_Provided material_.
- - -

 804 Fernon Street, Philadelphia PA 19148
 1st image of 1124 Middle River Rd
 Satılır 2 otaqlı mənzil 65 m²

- - -

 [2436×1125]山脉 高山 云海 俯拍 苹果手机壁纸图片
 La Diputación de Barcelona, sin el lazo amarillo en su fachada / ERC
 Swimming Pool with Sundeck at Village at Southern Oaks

- - -

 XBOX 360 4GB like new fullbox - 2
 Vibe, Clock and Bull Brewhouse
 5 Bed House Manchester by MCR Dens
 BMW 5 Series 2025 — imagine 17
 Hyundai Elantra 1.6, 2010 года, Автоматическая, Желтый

- - -

_Task requirements_. Please output exactly the lines between the one holding "804 Fernon Street, Philadelphia PA 19148" and the one holding "Satılır 2 otaqlı mənzil 65 m²" in the records above, inclusive, and nothing more.

_Result_.
 804 Fernon Street, Philadelphia PA 19148
 1st image of 1124 Middle River Rd
 Satılır 2 otaqlı mənzil 65 m²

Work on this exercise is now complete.